» EXERCISE GOAL
Reproduce exactly, and only, the lines below from the one containing "Constellation Butterfly Round" through the one containing "9CT YELLOW GOLD".
*** Opening EXERCISE INPUTS ***
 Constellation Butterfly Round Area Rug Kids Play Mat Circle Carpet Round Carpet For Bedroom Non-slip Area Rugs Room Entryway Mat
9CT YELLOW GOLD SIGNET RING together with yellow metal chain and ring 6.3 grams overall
*** Closing EXERCISE INPUTS ***
*** Opening EXERCISE INPUTS ***
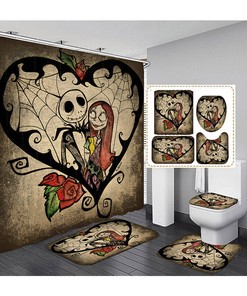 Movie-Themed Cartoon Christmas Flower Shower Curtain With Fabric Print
*** Closing EXERCISE INPUTS ***
» RESULT OF THIS EXERCISE
 Constellation Butterfly Round Area Rug Kids Play Mat Circle Carpet Round Carpet For Bedroom Non-slip Area Rugs Room Entryway Mat
9CT YELLOW GOLD SIGNET RING together with yellow metal chain and ring 6.3 grams overall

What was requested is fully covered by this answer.